Exercise data Block Start

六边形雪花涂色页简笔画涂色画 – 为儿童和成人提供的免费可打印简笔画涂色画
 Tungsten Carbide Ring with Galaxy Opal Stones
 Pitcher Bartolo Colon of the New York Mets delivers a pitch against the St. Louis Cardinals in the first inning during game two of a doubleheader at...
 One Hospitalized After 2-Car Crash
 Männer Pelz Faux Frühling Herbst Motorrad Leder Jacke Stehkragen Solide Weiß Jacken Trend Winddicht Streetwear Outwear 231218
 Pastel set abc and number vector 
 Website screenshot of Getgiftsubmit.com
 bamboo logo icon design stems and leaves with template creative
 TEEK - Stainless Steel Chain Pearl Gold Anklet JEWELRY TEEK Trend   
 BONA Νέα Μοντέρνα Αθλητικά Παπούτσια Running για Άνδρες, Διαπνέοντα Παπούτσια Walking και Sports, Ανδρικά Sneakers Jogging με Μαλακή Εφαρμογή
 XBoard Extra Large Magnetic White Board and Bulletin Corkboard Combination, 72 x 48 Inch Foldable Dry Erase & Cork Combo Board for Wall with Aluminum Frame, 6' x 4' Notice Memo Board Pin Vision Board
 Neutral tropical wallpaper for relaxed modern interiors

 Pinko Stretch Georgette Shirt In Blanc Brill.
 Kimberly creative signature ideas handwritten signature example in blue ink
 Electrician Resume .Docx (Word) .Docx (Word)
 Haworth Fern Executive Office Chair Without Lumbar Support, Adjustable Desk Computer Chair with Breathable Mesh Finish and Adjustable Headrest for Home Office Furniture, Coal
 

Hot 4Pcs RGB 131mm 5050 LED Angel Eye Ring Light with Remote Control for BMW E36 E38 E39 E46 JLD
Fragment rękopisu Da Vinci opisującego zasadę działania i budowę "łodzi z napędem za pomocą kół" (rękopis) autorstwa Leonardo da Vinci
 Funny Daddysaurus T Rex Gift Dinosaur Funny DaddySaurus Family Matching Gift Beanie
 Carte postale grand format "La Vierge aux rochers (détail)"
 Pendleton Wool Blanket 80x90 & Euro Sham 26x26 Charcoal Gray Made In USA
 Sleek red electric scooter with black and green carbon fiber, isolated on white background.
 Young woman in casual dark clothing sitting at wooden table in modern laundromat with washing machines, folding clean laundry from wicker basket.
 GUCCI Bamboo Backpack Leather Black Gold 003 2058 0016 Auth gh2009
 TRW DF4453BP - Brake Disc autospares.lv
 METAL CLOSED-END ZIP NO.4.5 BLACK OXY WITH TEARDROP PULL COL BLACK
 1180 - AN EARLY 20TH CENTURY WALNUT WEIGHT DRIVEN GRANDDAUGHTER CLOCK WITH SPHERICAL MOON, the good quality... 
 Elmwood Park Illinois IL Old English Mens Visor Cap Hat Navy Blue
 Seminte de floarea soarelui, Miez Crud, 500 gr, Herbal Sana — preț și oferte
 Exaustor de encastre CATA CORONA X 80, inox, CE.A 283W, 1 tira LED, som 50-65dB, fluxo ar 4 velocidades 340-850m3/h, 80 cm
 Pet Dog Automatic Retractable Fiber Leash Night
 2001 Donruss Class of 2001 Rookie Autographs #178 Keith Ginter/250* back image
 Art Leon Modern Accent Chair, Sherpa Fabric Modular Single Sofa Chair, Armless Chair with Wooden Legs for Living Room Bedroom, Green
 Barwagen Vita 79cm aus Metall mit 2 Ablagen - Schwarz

Exercise data Block End

* _Your objective_
Look through the entries and return each line that has the word "Gold" in it.

* _Written response_
 TEEK - Stainless Steel Chain Pearl Gold Anklet JEWELRY TEEK Trend   
 GUCCI Bamboo Backpack Leather Black Gold 003 2058 0016 Auth gh2009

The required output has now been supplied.